Mr. Mahoney’s mother came from Fermanaugh, the home of Irish literary greats Samuel Beckett and Oscar Wilde.
They left Ireland at the turn of the 20th Century and settled in Lowell.
Mr. Mahoney’s father went into the coal and oil business.
From his earliest youth, Mr. Mahoney worked for his father’s fledgling company.
“He was delivering oil and coal by the time he was 13,” his daughter recalled. “And as he remained close to me and my children and to all of his children, he was extremely close with his mother and father as well.”
This child of what might be referred to as Old Irish type immigrants to the new land would spend his life in Lowell.
“This is where he was born. This is where he stayed. Lowell was home. It was where he was from. He saw no reason to live anywhere else,” his daughter recalled.
During a long life, Mr. Mahoney was a daily communicant at St. Patrick’s Church in Lowell where he attended mass every day when he was in the city.
He lived on the same street as his daughter – and he took great pleasure in spending time with his grandchildren – and with all his grandchildren – who considered him the king.

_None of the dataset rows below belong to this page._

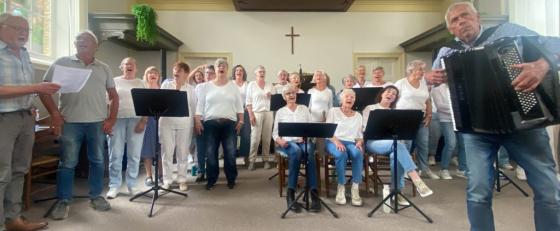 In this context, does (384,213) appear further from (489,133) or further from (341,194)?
(489,133)

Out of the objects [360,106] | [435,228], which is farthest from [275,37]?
[435,228]

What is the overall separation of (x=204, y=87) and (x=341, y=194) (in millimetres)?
1796

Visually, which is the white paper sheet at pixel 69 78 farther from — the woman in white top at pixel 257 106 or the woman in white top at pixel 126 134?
the woman in white top at pixel 257 106

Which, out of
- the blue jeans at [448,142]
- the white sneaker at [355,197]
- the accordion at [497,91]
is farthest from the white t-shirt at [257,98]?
the accordion at [497,91]

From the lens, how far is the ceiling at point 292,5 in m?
7.54

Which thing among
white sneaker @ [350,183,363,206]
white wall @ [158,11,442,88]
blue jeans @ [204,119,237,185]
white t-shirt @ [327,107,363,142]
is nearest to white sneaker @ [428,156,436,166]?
white t-shirt @ [327,107,363,142]

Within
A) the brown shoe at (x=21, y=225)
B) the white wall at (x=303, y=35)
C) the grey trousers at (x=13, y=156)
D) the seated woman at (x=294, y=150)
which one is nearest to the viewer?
the grey trousers at (x=13, y=156)

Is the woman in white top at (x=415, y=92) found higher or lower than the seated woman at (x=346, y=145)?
higher

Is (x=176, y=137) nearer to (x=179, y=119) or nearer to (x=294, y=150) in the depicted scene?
(x=179, y=119)

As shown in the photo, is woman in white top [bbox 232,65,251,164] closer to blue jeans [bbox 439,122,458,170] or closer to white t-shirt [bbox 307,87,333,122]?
white t-shirt [bbox 307,87,333,122]

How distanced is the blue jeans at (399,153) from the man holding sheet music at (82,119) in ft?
7.91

He was a medium sized man with very fair skin and sparkling blue eyes.
It was those sparkling blue eyes, and his hearty, personal, down to earth manner that helped him to become friends with those he met all over the world.
And there was his voice, strong and distinct, hearty and captivating, right to the end.
He had his enemies – but as City Manager Jay Ash said: “There wasn’t much to hate in Leo Mahoney.”
Mr. Mahoney was waked Tuesday afternoon at the Dolan Funeral Home in North Chelmsford.
He was buried Wednesday morning in St. Patrick’s Cemetery following a burial mass in St. Patrick’s Church.